Quelques années plus tard, alors même que prenait forme un cinéma narratif en prise avec les réalités de la société et un réalisme proche de ce qu'on pouvait observer dans certains pays amis, un diktat politique de décembre 1965 interdit une série de films qui venaient d'être tournés ou qui étaient au montage — ou même déjà dans les salles comme Traces de pierres de Frank Beyer*. C'est le blocage d'un courant cinématographique lucide et contemporain, et un coup d'arrêt, parfois momentané, à la carrière de plusieurs cinéastes : Frank Beyer, Kurt Maetzig*, Egon Günther*, Gerhard Klein, Jürgen Böttcher*, Hermann Zschoche, Frank Vogel, Günther Stahnke, tous âgés de moins de trente-cinq ans (sauf Maetzig).

La timide ouverture du cinéma est-allemand.

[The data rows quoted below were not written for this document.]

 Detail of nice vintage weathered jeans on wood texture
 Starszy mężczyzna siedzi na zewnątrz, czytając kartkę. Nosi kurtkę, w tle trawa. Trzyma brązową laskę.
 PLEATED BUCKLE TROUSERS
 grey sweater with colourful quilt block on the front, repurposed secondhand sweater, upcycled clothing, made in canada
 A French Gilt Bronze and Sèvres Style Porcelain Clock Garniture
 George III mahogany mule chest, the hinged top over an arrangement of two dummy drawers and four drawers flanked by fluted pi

Il faudra attendre 1971 et le 8e congrès du SED pour voir disparaître certains interdits : « Il n'y a aucun tabou pour les artistes qui se tiennent fermement sur le terrain du socialisme », proclame Erich Honecker, secrétaire du parti. Dès lors, on voit se multiplier les films résolument neufs, par le thème et le style, comme le Troisième (E. Günther, 1971) et la Légende de Paul et Paula (Die Legende von Paul und Paula, de Heiner Carow, 1972) ; c'est à ce moment que se situe la petite révolution suscitée par la vision critique de Konrad Wolf sur les rapports entre l'art et le pouvoir dans son Homme nu sur le stade, et c'est Wolf encore (et encore d'après un scénario de Kohlhaase) qui donnera le film le plus controversé, mais le plus populaire, de ces dernières années, Solo Sunny (1979), peinture lucide et chaleureuse de la jeune génération à travers le personnage d'une chanteuse pop.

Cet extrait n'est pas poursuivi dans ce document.